Reproduce exactly the lines of this material that begin at the line with "Produktbild von Hochflor" and end at the line with "Pantaloni scurți de", both included. Omit the pictures and everything else.

Extracted material:
++++
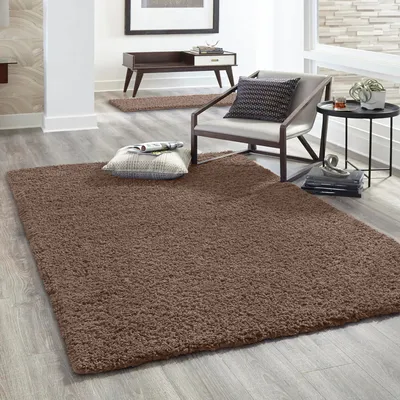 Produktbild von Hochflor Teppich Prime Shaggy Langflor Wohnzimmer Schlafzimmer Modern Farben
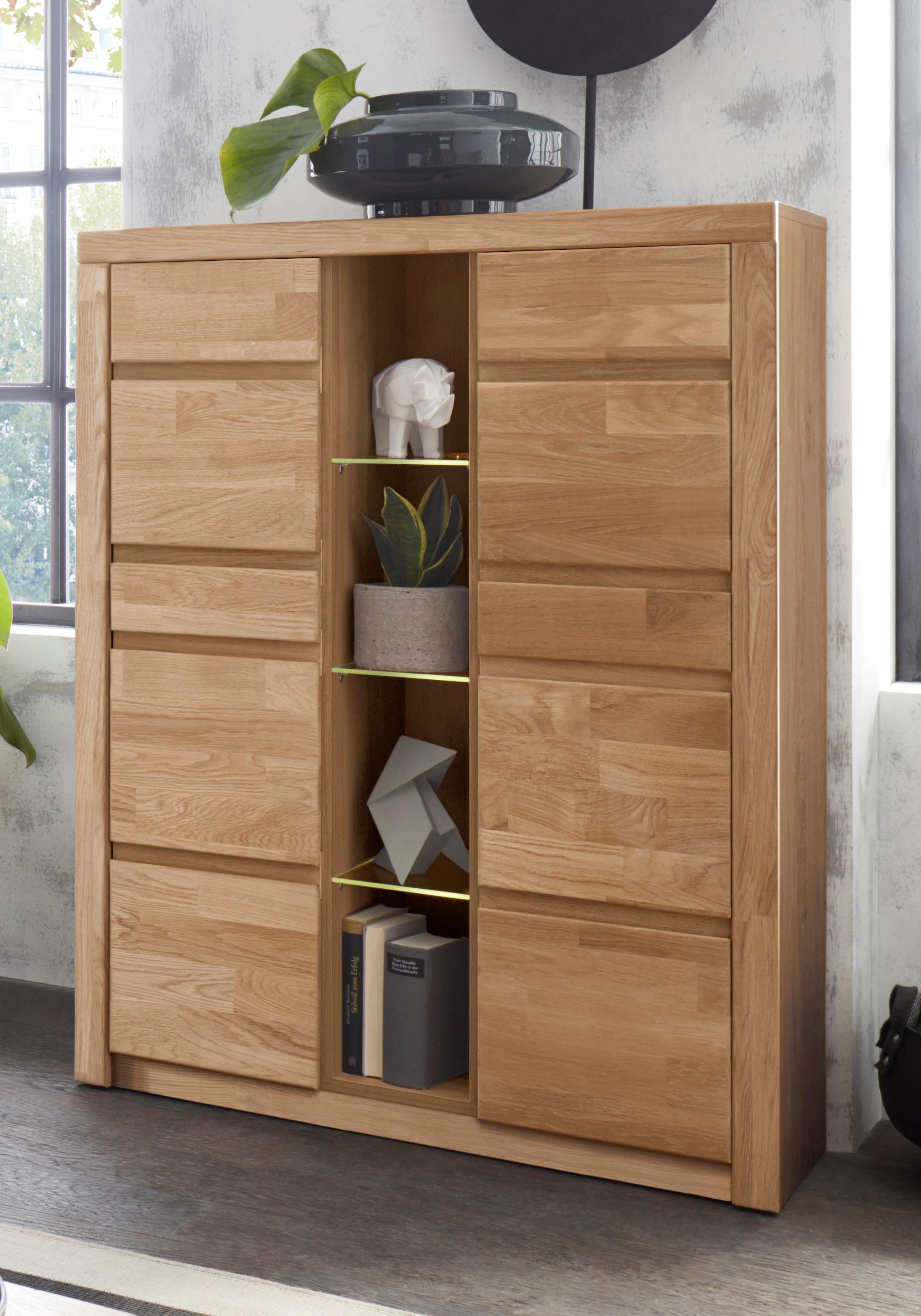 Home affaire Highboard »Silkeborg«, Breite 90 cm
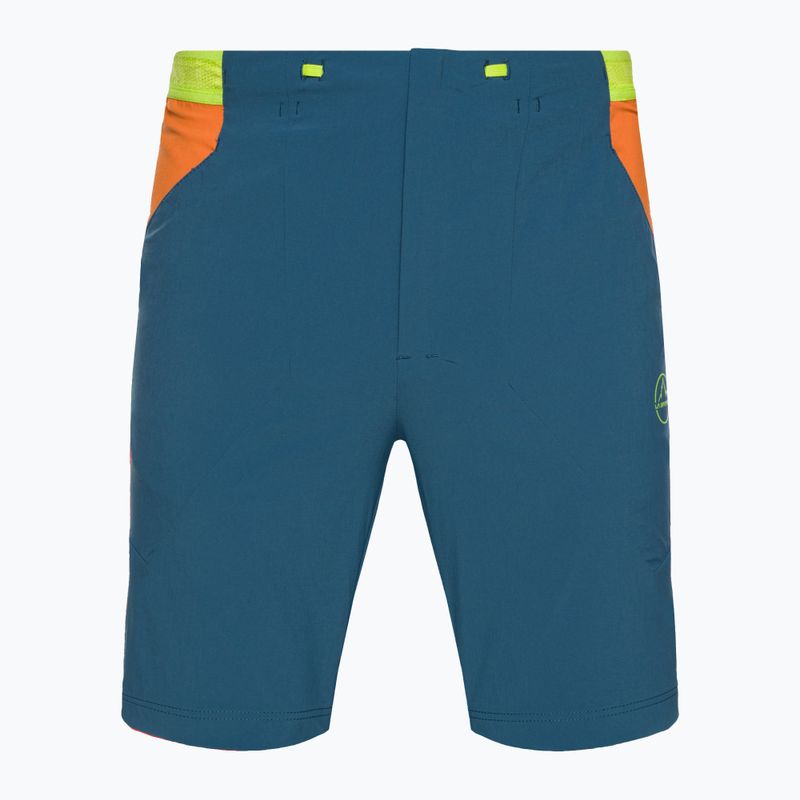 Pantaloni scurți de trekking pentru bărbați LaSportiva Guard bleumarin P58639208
++++
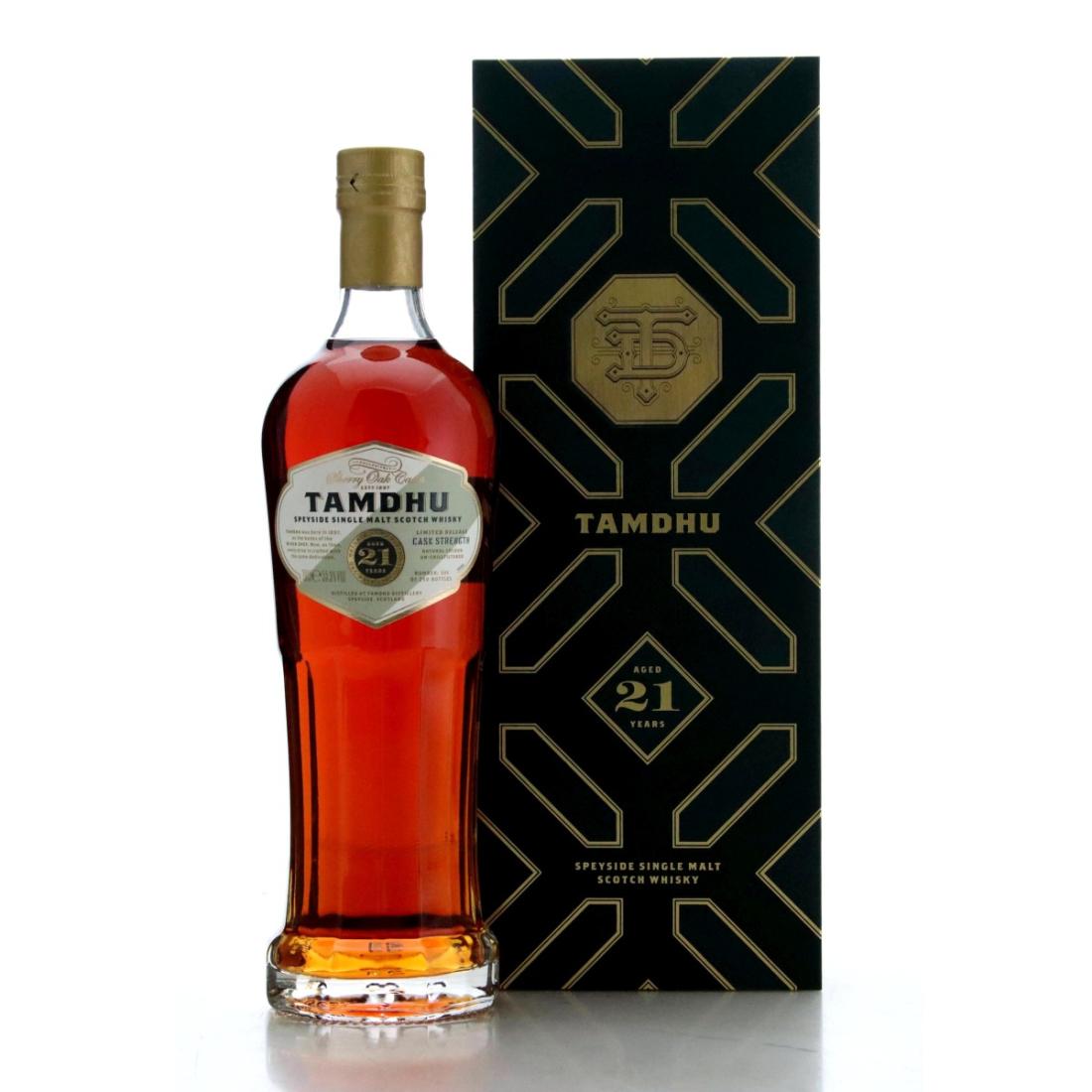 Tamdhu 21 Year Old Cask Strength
++++
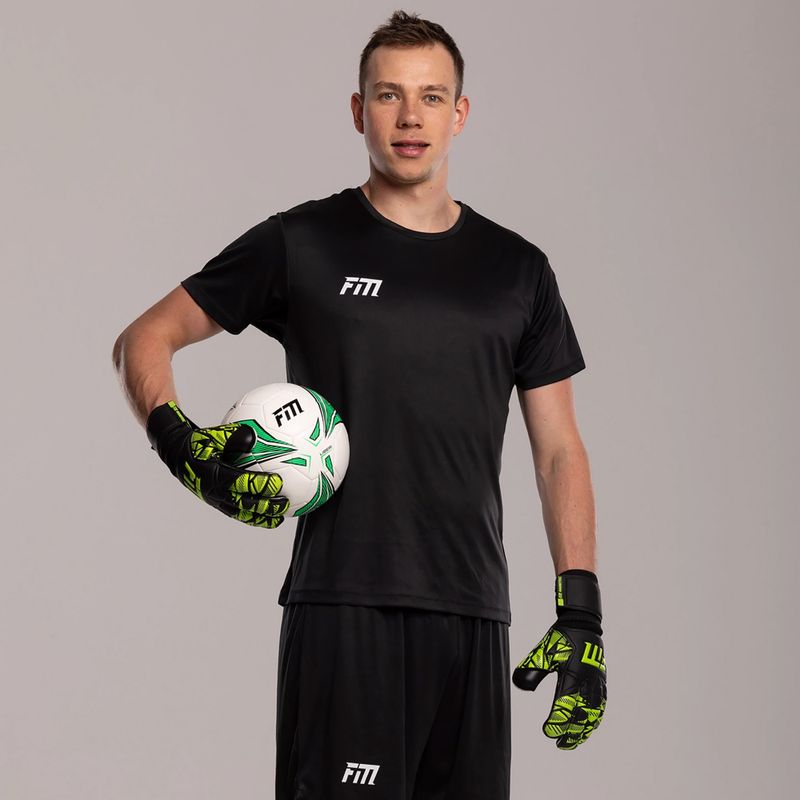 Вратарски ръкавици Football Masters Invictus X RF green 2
++++
Response area:
 Produktbild von Hochflor Teppich Prime Shaggy Langflor Wohnzimmer Schlafzimmer Modern Farben
 Home affaire Highboard »Silkeborg«, Breite 90 cm
 Pantaloni scurți de trekking pentru bărbați LaSportiva Guard bleumarin P58639208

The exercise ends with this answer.